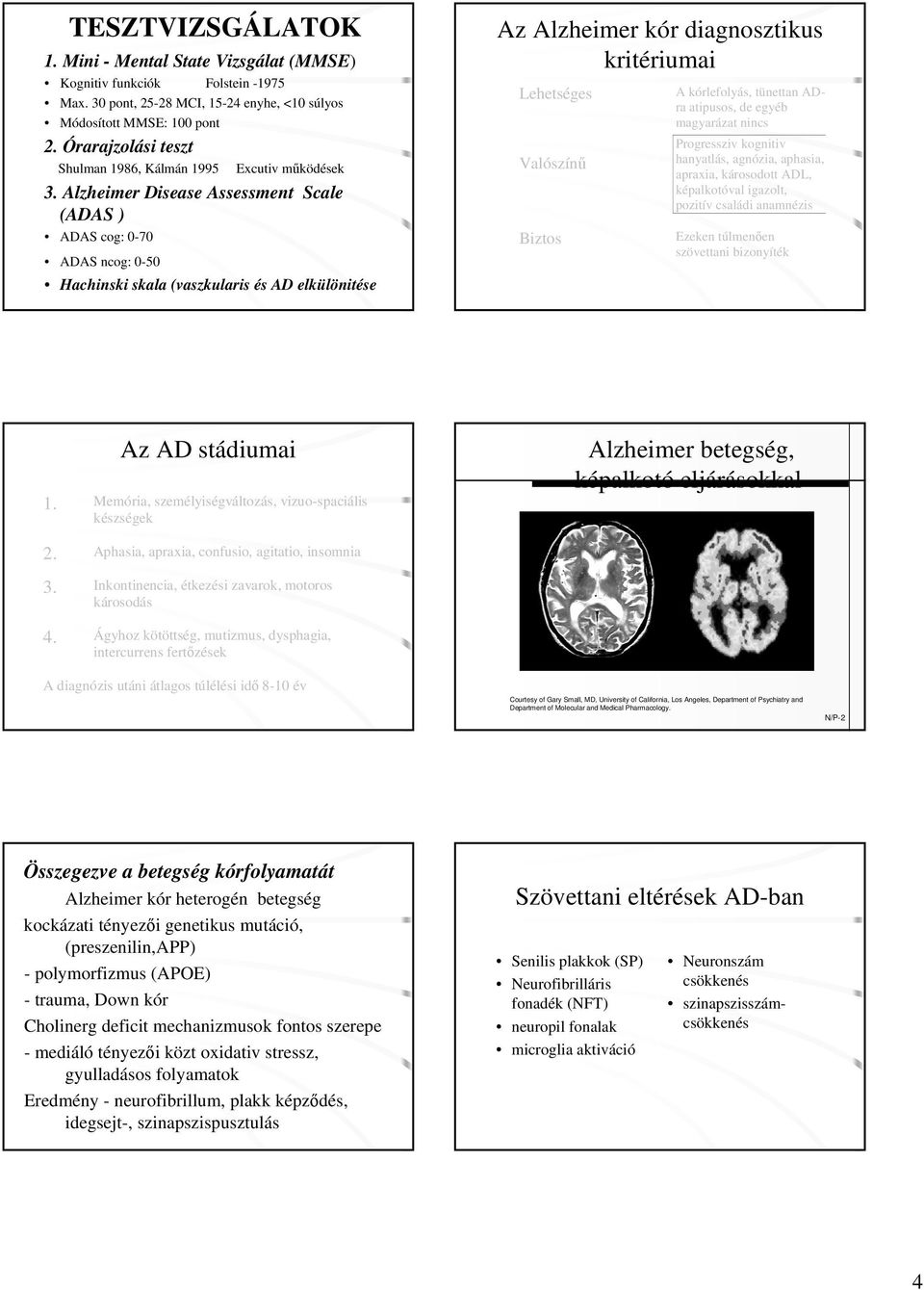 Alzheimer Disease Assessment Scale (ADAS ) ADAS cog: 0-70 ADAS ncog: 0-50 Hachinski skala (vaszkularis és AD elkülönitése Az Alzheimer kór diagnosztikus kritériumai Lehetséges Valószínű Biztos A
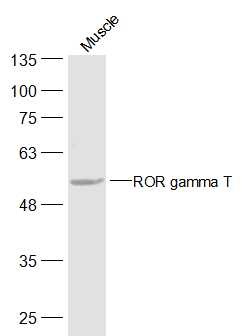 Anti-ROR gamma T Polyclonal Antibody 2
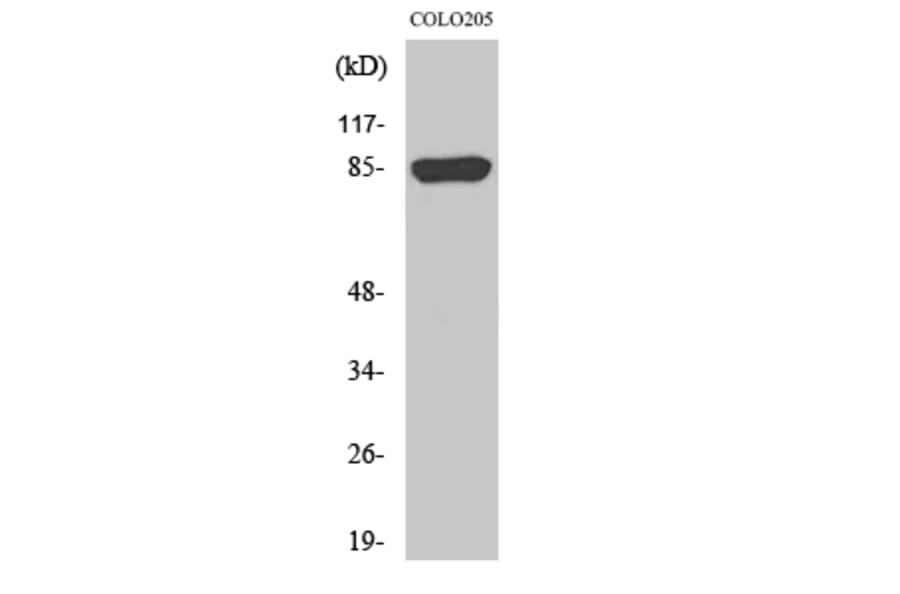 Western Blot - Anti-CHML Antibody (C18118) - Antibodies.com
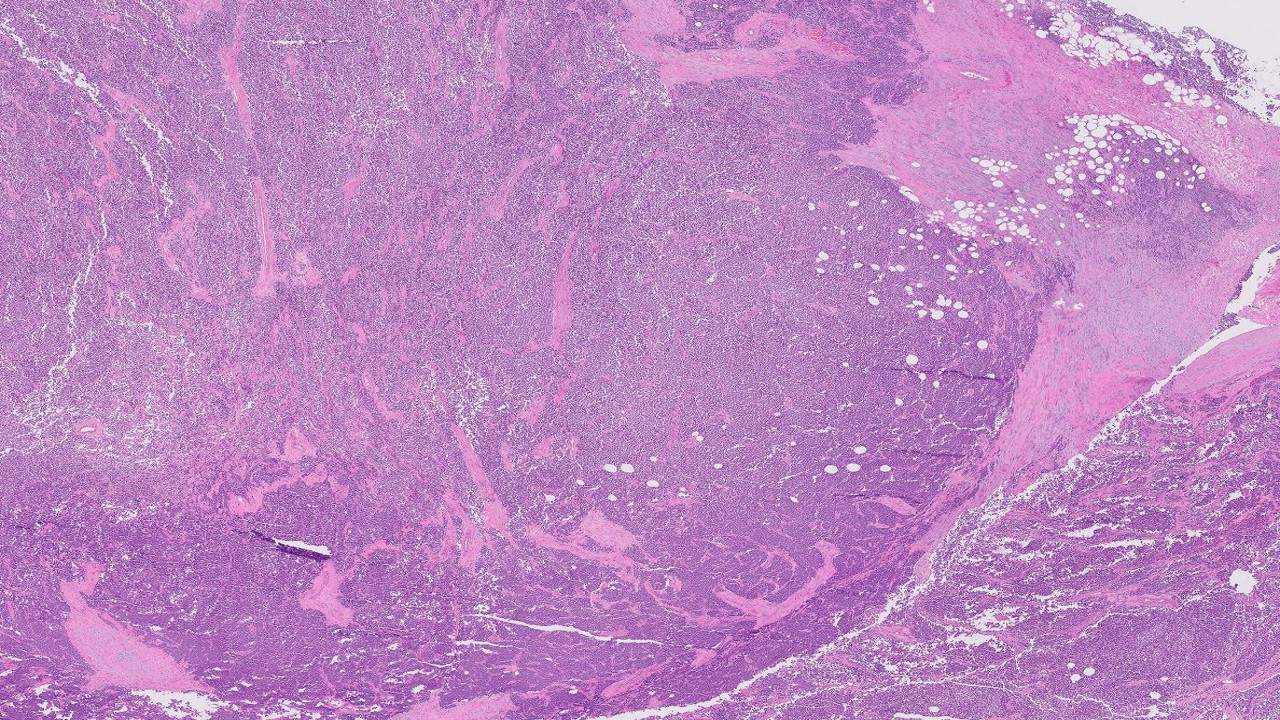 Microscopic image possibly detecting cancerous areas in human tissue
==
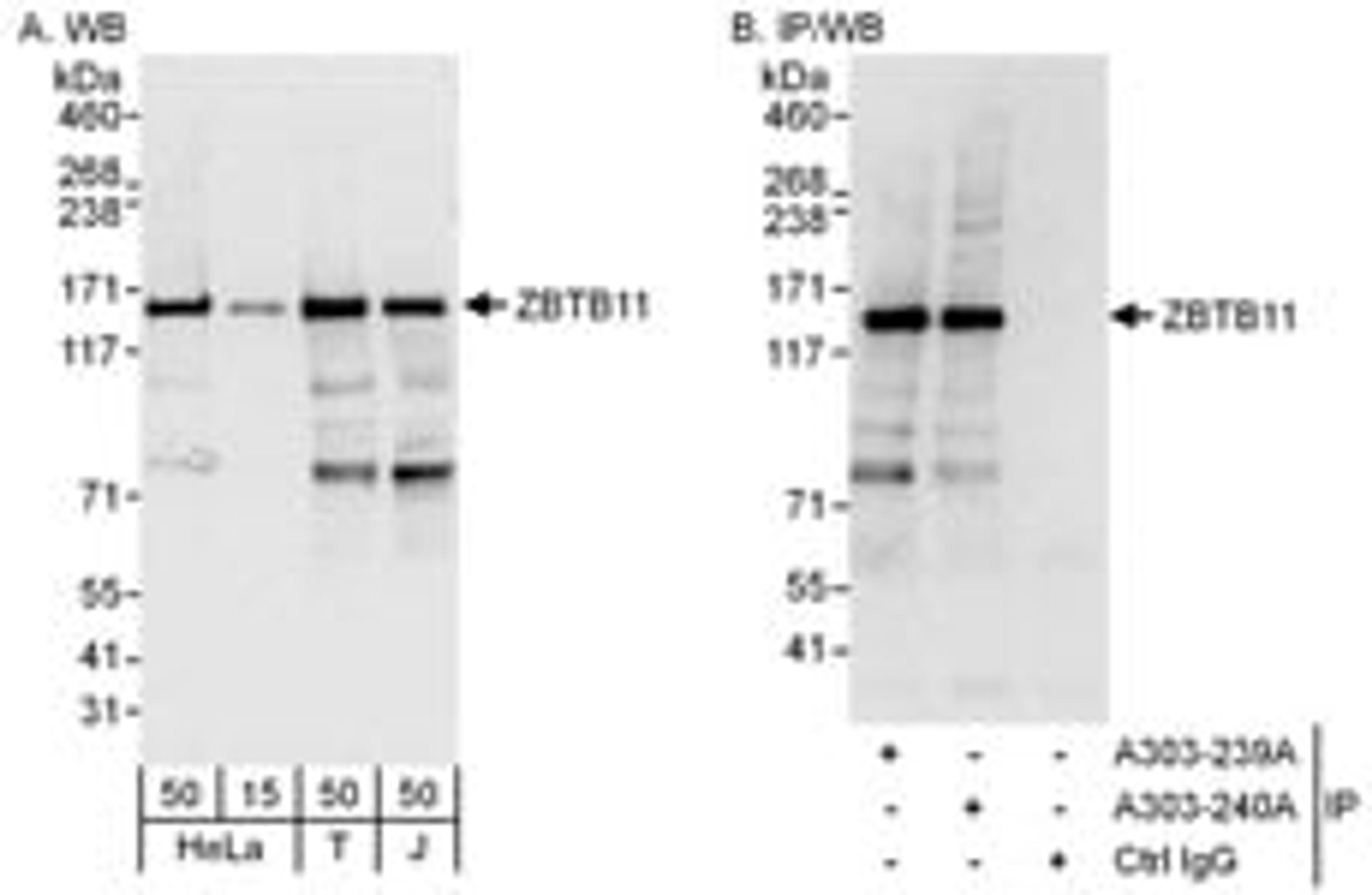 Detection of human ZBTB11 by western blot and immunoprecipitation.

TASK INSTRUCTIONS: With the pictures omitted, copy the entries above exactly from the line containing "Alzheimer Disease Assessment" through the line containing "Microscopic image possibly", both lines included.

EXERCISE SOLUTION:
 Alzheimer Disease Assessment Scale (ADAS ) ADAS cog: 0-70 ADAS ncog: 0-50 Hachinski skala (vaszkularis és AD elkülönitése Az Alzheimer kór diagnosztikus kritériumai Lehetséges Valószínű Biztos A
 Anti-ROR gamma T Polyclonal Antibody 2
 Western Blot - Anti-CHML Antibody (C18118) - Antibodies.com
 Microscopic image possibly detecting cancerous areas in human tissue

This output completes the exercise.